* Exercise goal *
Return the listing verbatim, images left out.

======== Input

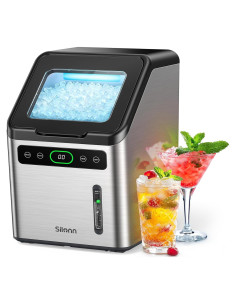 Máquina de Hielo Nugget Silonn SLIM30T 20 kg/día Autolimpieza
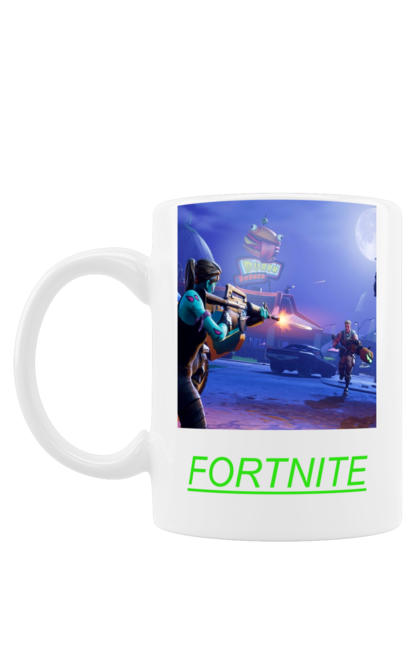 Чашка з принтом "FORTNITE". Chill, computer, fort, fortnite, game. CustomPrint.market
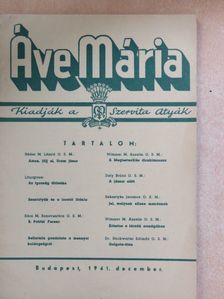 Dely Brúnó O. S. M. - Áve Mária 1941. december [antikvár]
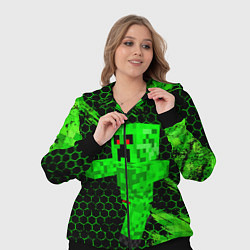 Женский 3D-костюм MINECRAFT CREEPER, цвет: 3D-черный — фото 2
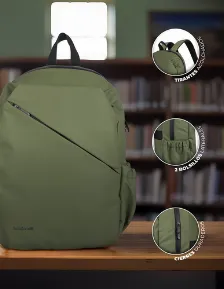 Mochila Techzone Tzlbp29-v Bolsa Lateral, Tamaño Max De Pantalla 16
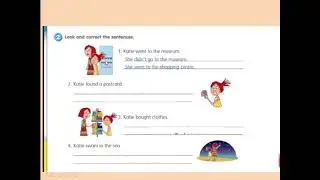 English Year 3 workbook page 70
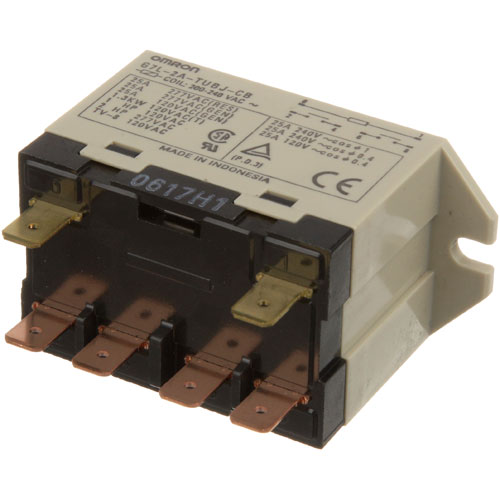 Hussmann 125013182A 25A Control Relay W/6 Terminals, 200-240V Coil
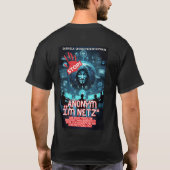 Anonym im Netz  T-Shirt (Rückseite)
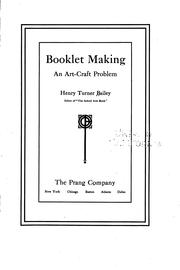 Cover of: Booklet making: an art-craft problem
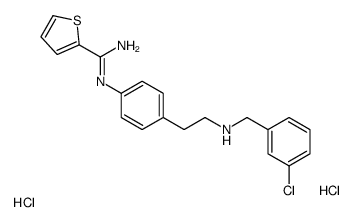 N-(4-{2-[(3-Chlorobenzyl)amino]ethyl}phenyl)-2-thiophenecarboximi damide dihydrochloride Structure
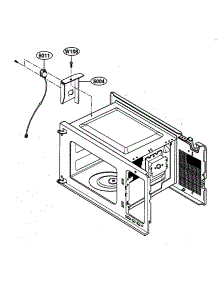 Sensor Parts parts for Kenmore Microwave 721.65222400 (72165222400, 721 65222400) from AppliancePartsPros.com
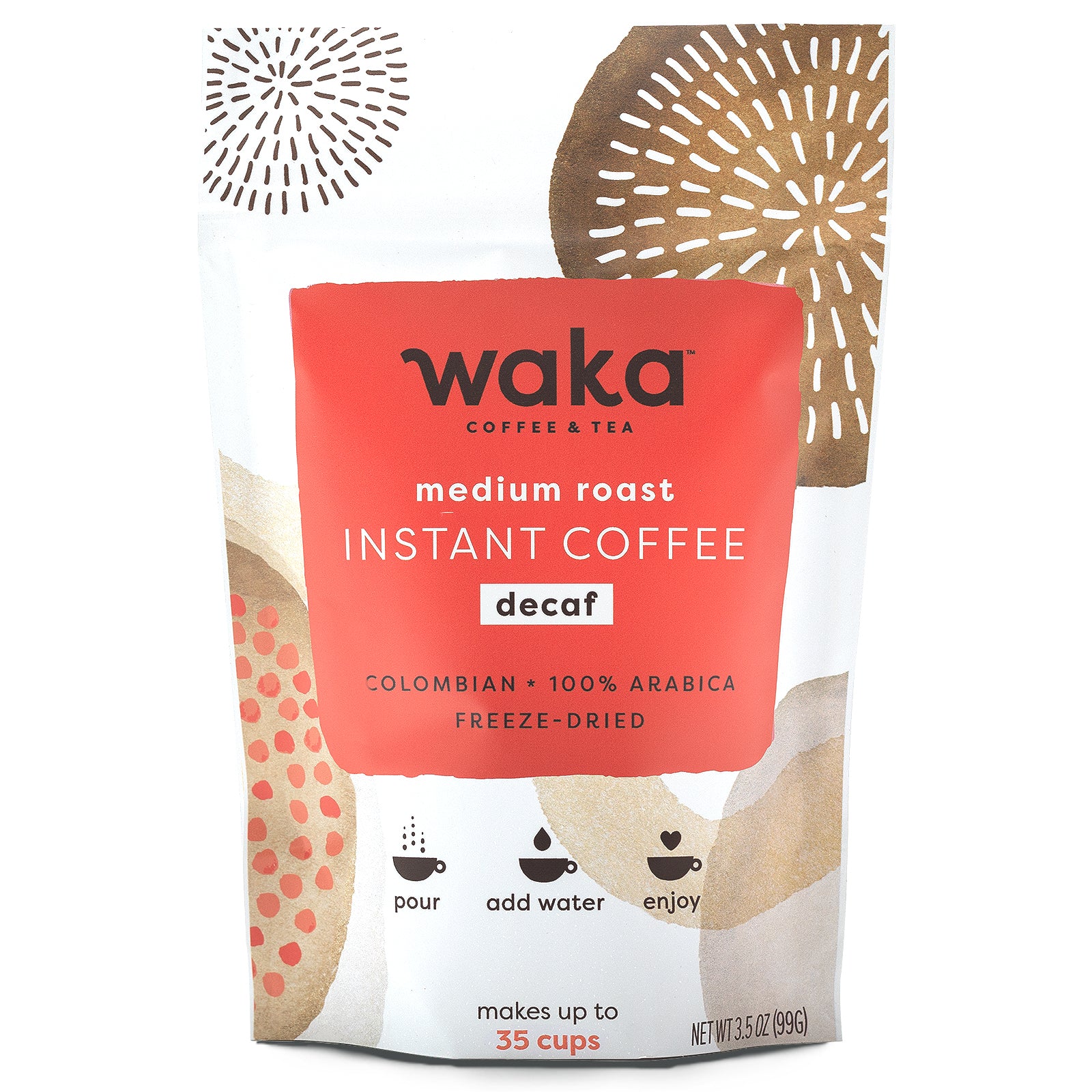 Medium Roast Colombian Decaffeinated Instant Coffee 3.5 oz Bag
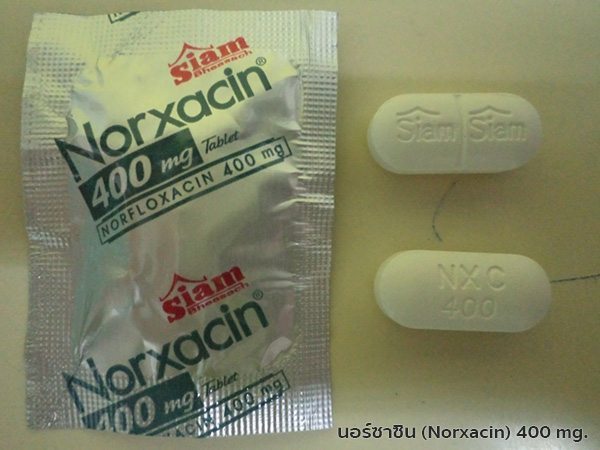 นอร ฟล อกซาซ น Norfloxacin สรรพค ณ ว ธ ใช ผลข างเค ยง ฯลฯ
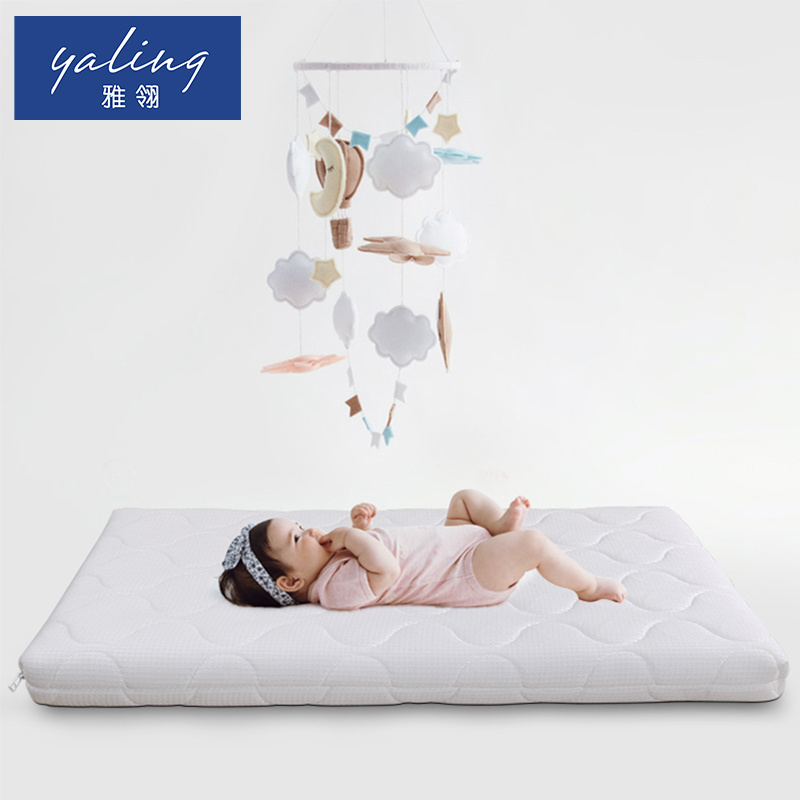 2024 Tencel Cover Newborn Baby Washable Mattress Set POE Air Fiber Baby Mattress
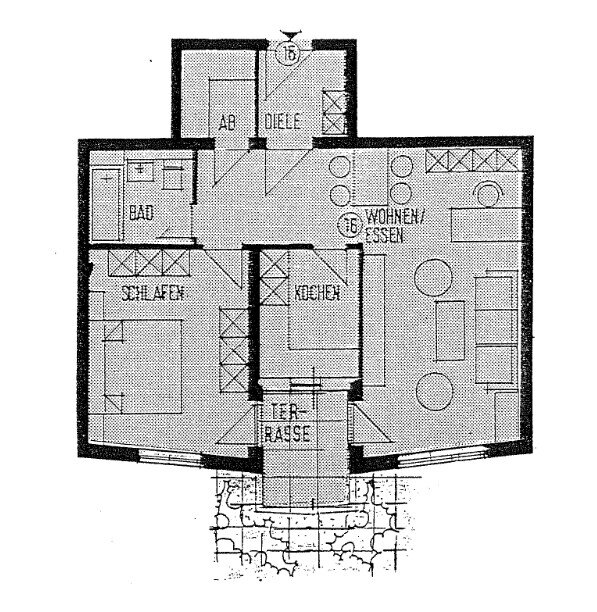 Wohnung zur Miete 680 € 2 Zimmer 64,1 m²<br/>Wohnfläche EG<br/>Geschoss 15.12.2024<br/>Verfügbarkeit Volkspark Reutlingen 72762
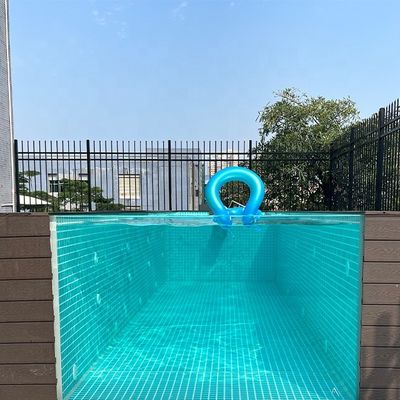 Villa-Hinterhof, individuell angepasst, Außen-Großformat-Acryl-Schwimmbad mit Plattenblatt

================

* Problem solution *
 Máquina de Hielo Nugget Silonn SLIM30T 20 kg/día Autolimpieza
 Чашка з принтом "FORTNITE". Chill, computer, fort, fortnite, game. CustomPrint.market
 Dely Brúnó O. S. M. - Áve Mária 1941. december [antikvár]
 Женский 3D-костюм MINECRAFT CREEPER, цвет: 3D-черный — фото 2
 Mochila Techzone Tzlbp29-v Bolsa Lateral, Tamaño Max De Pantalla 16
 English Year 3 workbook page 70
 Hussmann 125013182A 25A Control Relay W/6 Terminals, 200-240V Coil
 Anonym im Netz  T-Shirt (Rückseite)
 Cover of: Booklet making: an art-craft problem
 N-(4-{2-[(3-Chlorobenzyl)amino]ethyl}phenyl)-2-thiophenecarboximi damide dihydrochloride Structure
 Sensor Parts parts for Kenmore Microwave 721.65222400 (72165222400, 721 65222400) from AppliancePartsPros.com
 Medium Roast Colombian Decaffeinated Instant Coffee 3.5 oz Bag
 นอร ฟล อกซาซ น Norfloxacin สรรพค ณ ว ธ ใช ผลข างเค ยง ฯลฯ
 2024 Tencel Cover Newborn Baby Washable Mattress Set POE Air Fiber Baby Mattress
 Wohnung zur Miete 680 € 2 Zimmer 64,1 m²<br/>Wohnfläche EG<br/>Geschoss 15.12.2024<br/>Verfügbarkeit Volkspark Reutlingen 72762
 Villa-Hinterhof, individuell angepasst, Außen-Großformat-Acryl-Schwimmbad mit Plattenblatt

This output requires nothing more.